Deepwater well construction is all about planning and logistics. Typically, if these two challenges are not handled flawlessly, they can cause more issues than drilling and completion. Experts tell us that the best results evolve from "backwards planning" meaning that operators start with the desired end result and work backward to plan each facet of the operation, determining when orders must be placed and deliveries to the well site made. Even so, the experts warn that contingencies must also be built into plans because Murphy's Law will undoubtedly prevail if contingencies are not planned for.

Companies with experience in deepwater development have found that they get the best performance when they organize a tight-knit project team who work together. Like a fine symphony orchestra, if each musician performed as an individual without regard to what the rest of the orchestra was doing the result would be a chaotic cacophony of noise. However, by following the musical score, a beautiful result is obtained. So it is with deepwater well construction.

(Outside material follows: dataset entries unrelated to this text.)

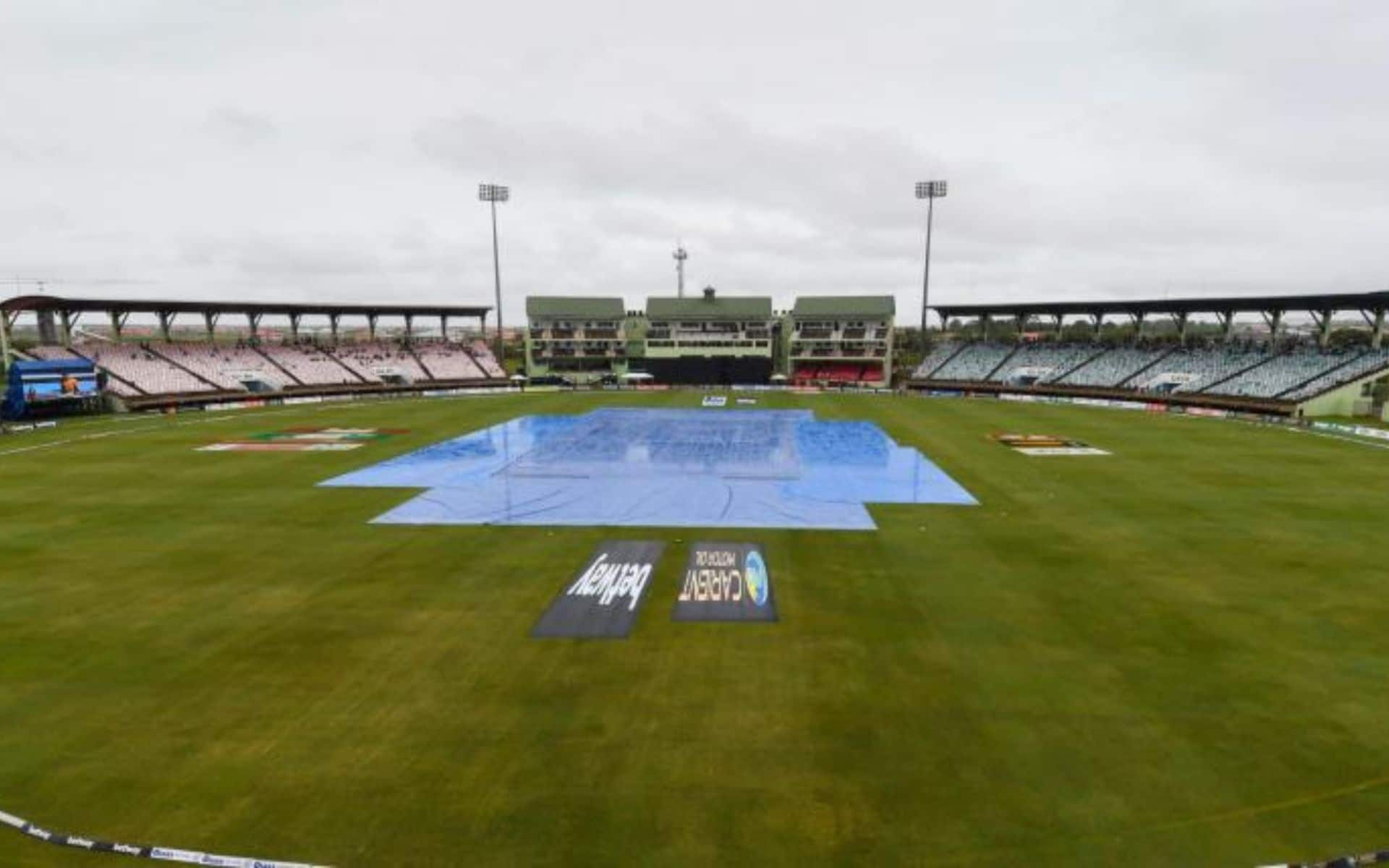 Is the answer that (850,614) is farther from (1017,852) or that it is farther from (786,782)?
(1017,852)

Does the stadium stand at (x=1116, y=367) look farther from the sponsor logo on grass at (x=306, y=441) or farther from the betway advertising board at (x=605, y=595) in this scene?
the sponsor logo on grass at (x=306, y=441)

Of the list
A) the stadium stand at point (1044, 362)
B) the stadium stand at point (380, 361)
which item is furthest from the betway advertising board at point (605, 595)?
the stadium stand at point (1044, 362)

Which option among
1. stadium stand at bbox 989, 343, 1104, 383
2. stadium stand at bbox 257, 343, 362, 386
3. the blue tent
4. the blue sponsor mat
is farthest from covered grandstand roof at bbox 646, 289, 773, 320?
the blue tent

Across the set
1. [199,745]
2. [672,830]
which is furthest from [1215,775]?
[199,745]

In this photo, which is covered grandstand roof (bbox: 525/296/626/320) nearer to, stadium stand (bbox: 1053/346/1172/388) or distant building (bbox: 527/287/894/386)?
distant building (bbox: 527/287/894/386)

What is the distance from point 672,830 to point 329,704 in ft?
24.9

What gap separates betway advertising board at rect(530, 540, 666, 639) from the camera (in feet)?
54.7

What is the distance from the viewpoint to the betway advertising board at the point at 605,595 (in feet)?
54.7

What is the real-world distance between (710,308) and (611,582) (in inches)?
3695

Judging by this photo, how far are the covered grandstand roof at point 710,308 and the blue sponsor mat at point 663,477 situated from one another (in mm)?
58607

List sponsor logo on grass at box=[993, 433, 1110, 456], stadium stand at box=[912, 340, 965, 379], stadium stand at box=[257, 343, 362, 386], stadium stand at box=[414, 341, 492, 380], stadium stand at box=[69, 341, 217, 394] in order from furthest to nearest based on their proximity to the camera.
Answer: stadium stand at box=[912, 340, 965, 379] < stadium stand at box=[414, 341, 492, 380] < stadium stand at box=[257, 343, 362, 386] < stadium stand at box=[69, 341, 217, 394] < sponsor logo on grass at box=[993, 433, 1110, 456]

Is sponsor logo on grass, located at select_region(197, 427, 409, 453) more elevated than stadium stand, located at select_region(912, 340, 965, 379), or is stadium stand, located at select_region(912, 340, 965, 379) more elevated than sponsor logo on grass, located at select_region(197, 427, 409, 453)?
stadium stand, located at select_region(912, 340, 965, 379)

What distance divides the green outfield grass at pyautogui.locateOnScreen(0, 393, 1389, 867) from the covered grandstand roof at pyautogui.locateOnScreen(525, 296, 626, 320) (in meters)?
86.3

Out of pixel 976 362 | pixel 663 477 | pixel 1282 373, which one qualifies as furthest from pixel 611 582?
pixel 976 362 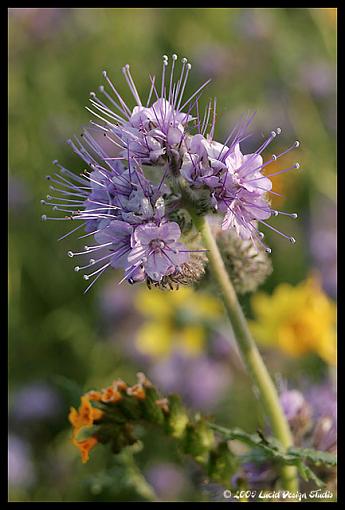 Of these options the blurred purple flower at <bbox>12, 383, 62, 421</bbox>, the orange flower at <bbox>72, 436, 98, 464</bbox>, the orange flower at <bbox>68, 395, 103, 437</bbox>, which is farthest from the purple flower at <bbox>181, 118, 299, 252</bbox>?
the blurred purple flower at <bbox>12, 383, 62, 421</bbox>

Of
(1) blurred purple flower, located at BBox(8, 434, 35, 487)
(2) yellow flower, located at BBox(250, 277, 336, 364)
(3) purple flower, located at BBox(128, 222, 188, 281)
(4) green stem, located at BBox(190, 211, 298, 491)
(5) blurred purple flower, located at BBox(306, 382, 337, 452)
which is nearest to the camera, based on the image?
(3) purple flower, located at BBox(128, 222, 188, 281)

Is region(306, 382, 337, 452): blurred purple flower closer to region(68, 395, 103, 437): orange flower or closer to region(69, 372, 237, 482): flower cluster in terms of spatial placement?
region(69, 372, 237, 482): flower cluster

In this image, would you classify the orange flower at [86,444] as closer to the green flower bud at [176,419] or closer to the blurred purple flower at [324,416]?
the green flower bud at [176,419]

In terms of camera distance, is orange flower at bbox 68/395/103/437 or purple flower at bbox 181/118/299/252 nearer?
purple flower at bbox 181/118/299/252

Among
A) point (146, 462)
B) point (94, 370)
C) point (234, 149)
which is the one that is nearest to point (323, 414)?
point (234, 149)

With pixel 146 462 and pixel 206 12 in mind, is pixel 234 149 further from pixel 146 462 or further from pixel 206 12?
pixel 206 12

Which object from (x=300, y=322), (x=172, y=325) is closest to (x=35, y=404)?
(x=172, y=325)

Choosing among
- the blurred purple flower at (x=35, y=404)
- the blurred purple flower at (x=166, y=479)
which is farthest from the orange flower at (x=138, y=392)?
the blurred purple flower at (x=35, y=404)

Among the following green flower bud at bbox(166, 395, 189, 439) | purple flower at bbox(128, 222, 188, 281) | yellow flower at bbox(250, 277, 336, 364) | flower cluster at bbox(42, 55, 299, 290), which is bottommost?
green flower bud at bbox(166, 395, 189, 439) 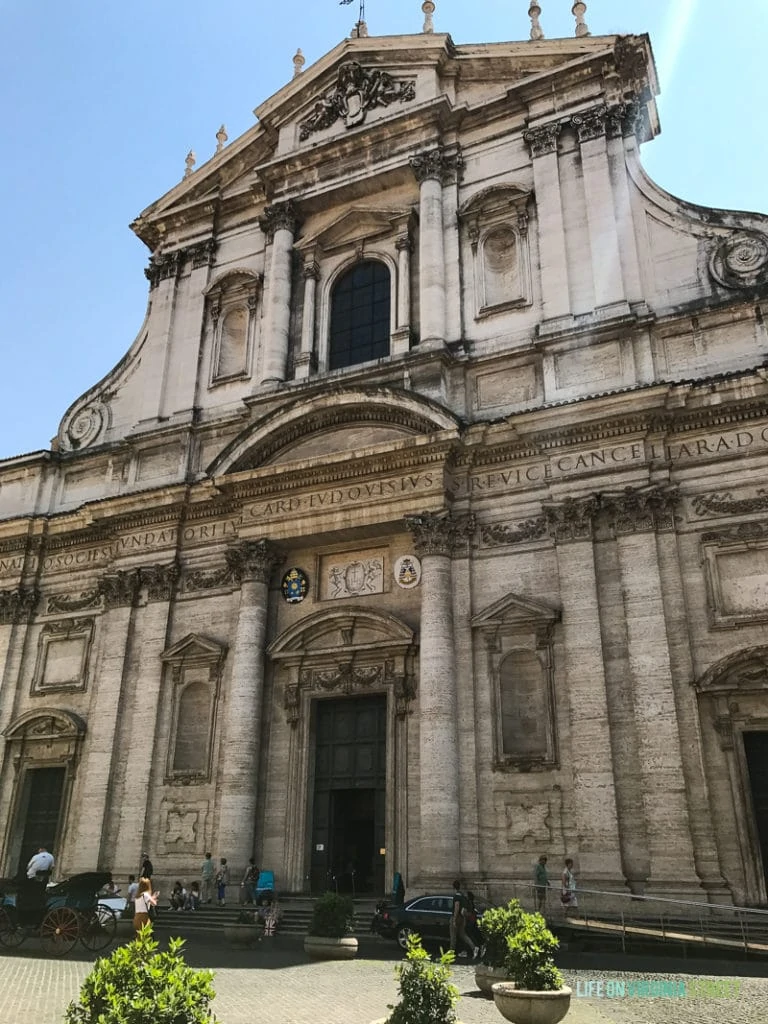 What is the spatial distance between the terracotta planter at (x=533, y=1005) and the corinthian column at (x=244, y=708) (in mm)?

Many of the tasks of deepwater well construction are the same as those performed on a typical land well. However, the risks are greater, and there can be significant issues that, while similar to those addressed in land jobs, are different when performed in the marine environment. In addition, there are a few issues that are only found in marine operations.

To an untrained observer, many of the tasks associated with deepwater well construction may seem out-of-place, but they are all part of a well-orchestrated plan that will culminate in first oil.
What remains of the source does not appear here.